The Trouble with Stock Options
"The company cost of stock options is often higher than the value that risk-averse and undiversified workers place on their options."
Stock options have become contentious. The root of the problem lies in widely held misperceptions concerning the cost of granting such options, according to Brian Hall and Kevin Murphy writing in The Trouble with Stock Options (NBER Working Paper No. 9784).
Stock options are compensation that give employees the right to buy shares at a pre-specified "exercise" price, normally the market price on the date of grant. The purchasing right is extended for a specified period, usually ten years. Between 1992 and 2002, the value of the options granted by firms in the S&P 500 rose from an average of $22 million per company to $141 million per company (with a high point of $238 million reached in 2000). Over this period, CEO compensation skyrocketed, largely fueled by stock options. Yet the CEO share of the total amount of stock options granted actually fell from a high point of about 7 percent in the mid-1990s to less than 5 percent in 2000-2. Indeed, by 2002 more than 90 percent of stock options were being granted to managers and employees.
Hall and Murphy argue that, in many cases, stock options are an inefficient means of attracting, retaining, and motivating a company's executives and employees since the company cost of stock options is often higher than the value that risk-averse and undiversified workers place on their options. In regard to the first of these aims - attraction -- Hall and Murphy note that companies paying options in lieu of cash effectively are borrowing from employees, receiving their services today in return for payouts in the future. But risk-averse undiversified employees are not likely to be efficient sources of capital, especially compared to banks, private equity funds, venture capitalists, and other investors. By the same token, paying options in lieu of cash compensation affects the type of employees the company will attract. Options may well draw highly motivated and entrepreneurial types, but this can benefit a company's stock value only if those employees- that is, top executives and other key figures -- are in positions to boost the stock. The vast majority of lower-level employees being offered options can have only a minor affect on the stock price.
Options clearly promote retention of employees, but Hall and Murphy suspect that other means of promoting employee loyalty may well be more efficient. Pensions, graduated pay raises, and bonuses - especially if they are not linked to stock value, as options are - are likely to promote employee retention just as well if not better, and at a more attractive cost to the company. In addition, as numerous recent corporate scandals have shown, compensating top executives via stock options may inspire the temptation to inflate or otherwise artificially manipulate the value of stock.

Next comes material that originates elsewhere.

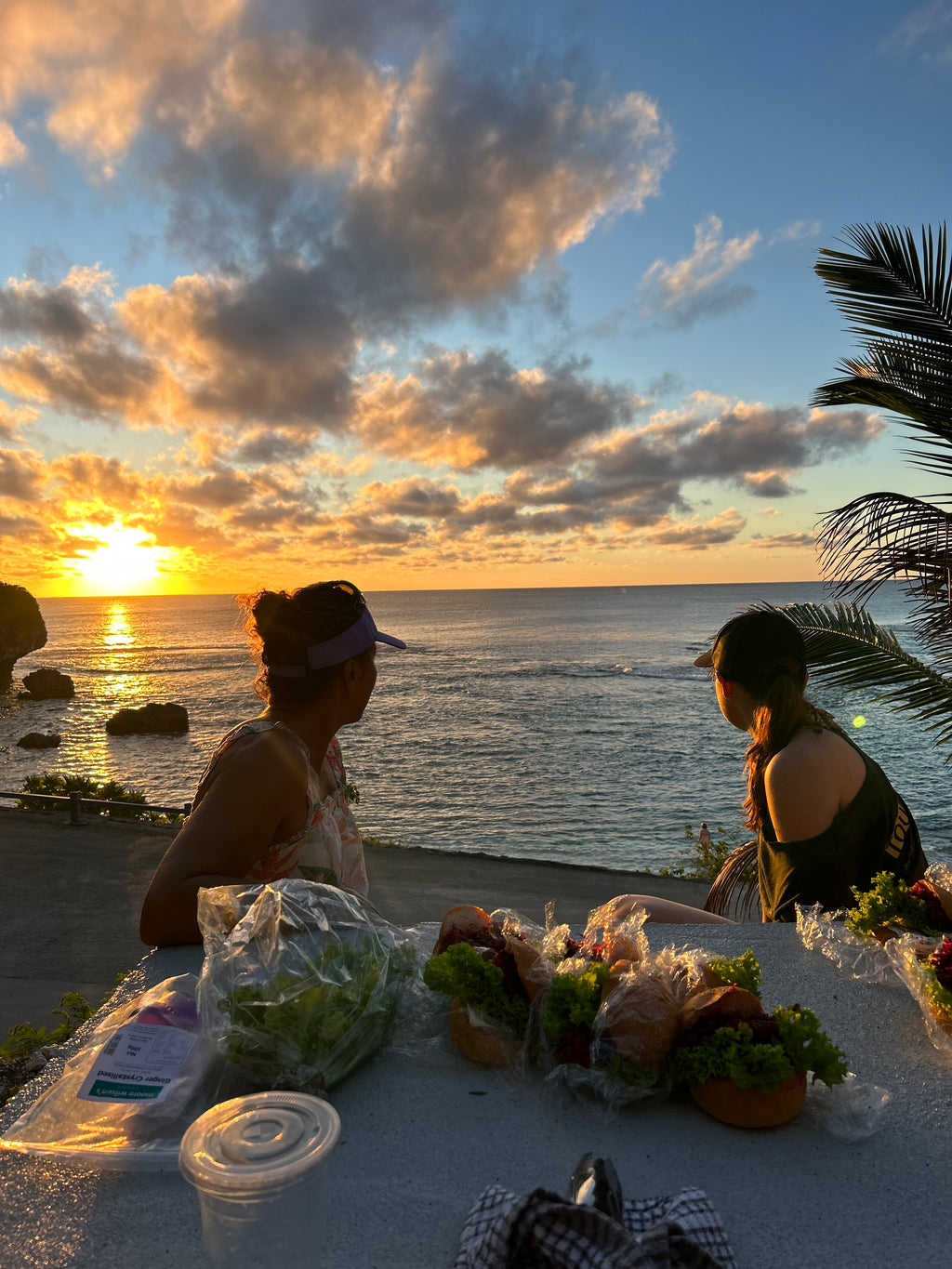 Niue Ocean Escape 2026 Swim with Humpback Whales 28 Aug – 4 Sep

Hall and Murphy maintain that companies nevertheless continue to see stock options as inexpensive to grant because there is no accounting cost and no cash outlay. Furthermore, when the option is exercised, companies often issue new shares to the executives and receive a tax deduction for the spread between the stock price and the exercise price. These practices make the "perceived cost" of an option much lower than the actual economic cost. But such a perception, Hall and Murphy maintain, results in too many options for too many people. From the perceived cost standpoint, options may seem an almost cost-free way to attract, retain, and motivate employees, but from the standpoint of economic cost, options may well be inefficient.
Hall and Murphy's analysis has important implications for the current debate about how options are expensed, a debate that has become more heated following the accounting scandals. A year ago the Financial Accounting Standards Board (FASB) announced that it would consider mandating an accounting expense for options, with hopes that this would be adopted early in 2004. Federal Reserve Chairman Alan Greenspan, investors like Warren Buffet, and numerous economists endorse recording options as an expense. But organizations such as the Business Roundtable, the National Association of Manufacturers, the U.S. Chamber of Commerce, and high-tech associations oppose "expensing" options. The Bush Administration sides with these opponents, while Congress is divided on the issue.
Hall and Murphy believe that the economic case for "expensing" options is strong. The overall effect of bringing the perceived costs of options more in line with their economic costs will be fewer options being granted to fewer people - but those people will be the executives and key technical personnel who can realistically be expected to have a positive impact on a company's stock prices. The researchers also point out that current accounting rules favor stock options at the expense of other types of stock-based compensation plans, including restricted stock, options where the exercise price is set below current market value, options where the exercise price is indexed to industry or market performance, and performance-based options that vest only if key performance thresholds are reached. Current rules are likewise biased against cash incentive plans that can be tied in creative ways to increases in shareholder wealth.
Hall and Murphy conclude that managers and boards can be educated about the true economic costs of stock options and other forms of compensation, and that the asymmetries between the accounting and tax treatment of stock options and other forms of compensation must be eliminated. Proposals to impose an accounting charge for option grants would close the gap between perceived and economic costs.